見出し画像

広告主のCM保存に望むこと

テレビ局から、古いCM素材についてしばしば問い合わせを受ける。

「昭和のとあるCMを番組で使いたいのだが、広告主も制作会社も映像を持っていないようだ。どこかに保存されてませんか?」

私はこういう問い合わせがあるたびに、映像が保存されていそうなところをいくつかあたって、見つかったら情報提供してきた。しかし残念ながら、見つからないほうが多い。

こうしたやりとりの中で痛感するのは、思いのほか多くの広告主が、過去のCMを適切にデジタル保存しておらず、自ら映像を提供できない状態にあることだ。

持っていないわけではないと思うのだが、おそらくどこにあるか分からないのである。

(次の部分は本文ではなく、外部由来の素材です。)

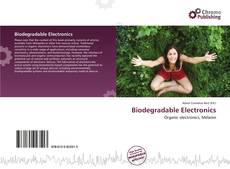 Buchcover von Biodegradable Electronics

えっ!?そんな有名作まで見つからないの!?ええっ!?そんな大手広告主なのに分からないの!?とビックリしたのは一度や二度ではない。なかなかに悩ましい話だ。

古い広告に愛着のある社員がどんどん引退して、保存がおざなりになっていることもあるだろう。管理部門を分社化したり、社史編纂を外部化したりするうちに、どこに何が保存されているのかよく分からなくなってしまったのかもしれない。統廃合のどさくさで行方不明になったものもきっと少なくない。

廃棄や散逸ではないと思う。映像はきっとどこかにある。どこにあるのか分からないだけだ。ただ心配なのは、そのまま放置しておくとやがて保存メディアが劣化して、再生できなくなる時がくる。そうなったらもうどうしようもない。

広告主が過去のCMを適切に保存してくれるよう、願ってやまない。

もちろん、1970年代後半以降であれば、かなりの数のCMが一般視聴者によって録画保存され(番組を録画保存するついでに残ったものがほとんどだが)、それはレトロ映像マニアによって発掘され、デジタル化されて、Youtubeにアップロードされている。その数は大量である。素晴らしい情熱に心から感謝している。

しかし、残念ながら画質がよくない。ノイズだらけで色味も悪い640*480の映像を、現在のハイクオリティなテレビ画面に映したら目も当てられない。

私の手もとにもそうした映像があり、そこから何度かテレビ局に提供したのだが、あるCMのオンエアを見たとき、あまりの画質の悪さに思わず目をそむけた。とある大物俳優の若手時代のCMだというのに、最後まで本人かどうかよく分からなかった。そのくらいガビガビでボンヤリしていたのである。しかしそれしか素材がないのだから仕方がない。

使用許諾を出した広告主も、さすがに苦い顔をしたのではないかと心配になったが、そこまでの思い入れはないのかもしれない。

この映像は、とあるレトロ映像マニアたちにいただいたものだが、彼らのデジタル化の仕方に問題はない。彼らは膨大な収集物を、限られたスペックで効率よくデジタル化しなければならず、そのくらいの画質でやるしかないからだ。ただ、世の中にそれしか素材が現存しないという状況には、なってほしくないのである。

広告主、制作会社、広告代理店のどこかに、フィルムやテープの高画質媒体で保存されたCMがあるならば、それは必ず、高画質のままでデジタル化してほしい。そしてすぐに取り出せる状態で保存してほしい。やっぱりテレビ番組で引用するならば、そういう素材を使うべきだ。

昭和の視聴者の多くは、小さなブラウン管で、ノイズだらけの画面でテレビCMを見ていたわけで、高画質のテレビCM体験なんか、たぶんどこにも存在しなかった。「高画質の昭和のテレビCM」という存在はリアルではない。しかし、だからといってCM保存は低画質でよいという話にはならない。

文化資源というものは、過去の文化を過去にとどめるのではなく、現代の社会の中で活用して、新たな命を吹き込むことに意義がある。古いCMも、いまの番組や、いまの動画の中で引用され、再解釈されてこそ救い出す価値がある。だから、現代の画質にできるかきりなじむほうが望ましいと、私は考えている。

YouTubeなどは、現状そうであるように低画質でも気にならない。しかしテレビ番組は低画質では使えない。だから昭和のCMは、高画質な素材であればあるほど、文化資源としての可能性が豊かに広がるのである。

フイルムの映像に糸くずが飛んでいたり、VHSの映像がノイズでゆがんでいたりする汚さは、レトロで風情がある。でも、低解像度の動画を無理やり拡大して、ガビガビでボンヤリしているのは何の味わいもないのだ。